In general, 3.0e was superior to 3.5e.
But this doesn't mean that 3.0e was without problems. There are a lot of things to take care of and what you take care of is a personal preference.
At the minimum I would recommend people who stick with 3.0e:
a) Ban PrCs. There is a long discussion why but PrC's break 3.0e's design in multiple ways and were kludged into being the solution for multiple problems and oversights with 3e D&D's design (multi-classing casters and non-casters for example) in ways that ultimately were unhappy solutions.
b) Evaluate the version of the spell in 3.0e and 3.5e and always take the weaker version of the spell. 3.5 broke the game with a bunch of unneeded spell rebalancing - the fixes to haste and harm were offset by breaking so many other spells. Avoid adding a lot of new spells to the game that solve some big problem that casters have, as casters really don't need more solutions.
c) Drop the rule that the level of a spell adds to the DC to save from the spell. This requires a few other rewrites, but it is worth it as this change alone goes a long way to producing parity between casters and non-casters. Additionally, go ahead and drop the rule that half the HD of the monster adds to the DC of saving versus its non-spell abilities. One problem with the 3.X design is that unlike 1e/2e, as the consequences of failing a save increase the chance that the PC succeeds in the save doesn't go up, producing a situation where in order for high level PC's to survive they need magical aid in the form of immunities. And that blows the balance between casters and non-casters completely away. With these changes, save or suck stops being the obvious winning strategy. After banning PrC's you'll probably also have gotten away of a lot of the easy ways to up DC to the point that spells reliably succeed.
d) Ban divine wands. This is a bit more controversial, but divine wands weren't really present in 1e/2e and they create lots of weirdness - most notably with the massive efficiency of Wand of Cure Light Wounds, but really in general.
e) Ban the "Natural Spell" feat. Avoid power ups to the Druid class introduced by 3.5. I banned it entirely, but it's a lengthy discussion of how to ban the class but retain the class concept of an animist spellcaster.
f) Nerf the Cleric slightly by reducing its available spells in each spell level by one. In other words, at some levels it will be 0+1D spell, having access to only it's domain spell. Secondly, require the Cleric to have a spell list similar to the sorcerer so that it does not have access to every divine spell. This avoids the problem of every divine spell you introduce automatically becoming a cleric class feature and along with the above prevents CoDZilla.

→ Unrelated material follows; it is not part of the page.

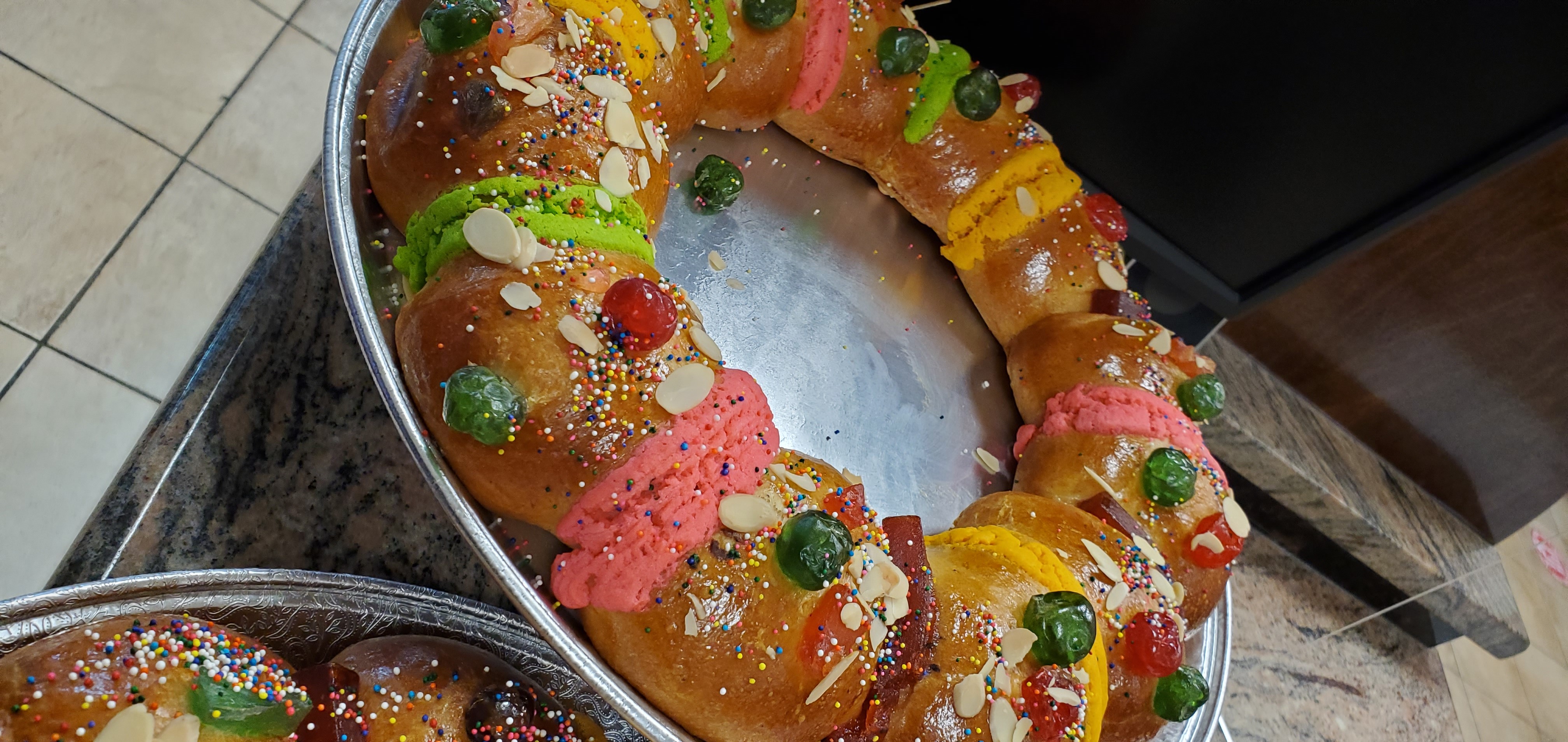Order Small Rosca De Reyes (Kings Day Bread) food online from Pierre's Bakery store, Chicago on bringmethat.com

g) Redo the fighter by giving it more skill points and more feats. Four skill points and one feat at every level not divisible by 3 up to 15th level and then an extra feat at every level above 15th level works pretty well (so like 2 bonus feats at 16th). It still won't get it up to tier 3 without some more help but it does make fighters relevant.
After that it very much gets to be preference and figuring out what to bring in to add to the core rules that does actually benefit the game.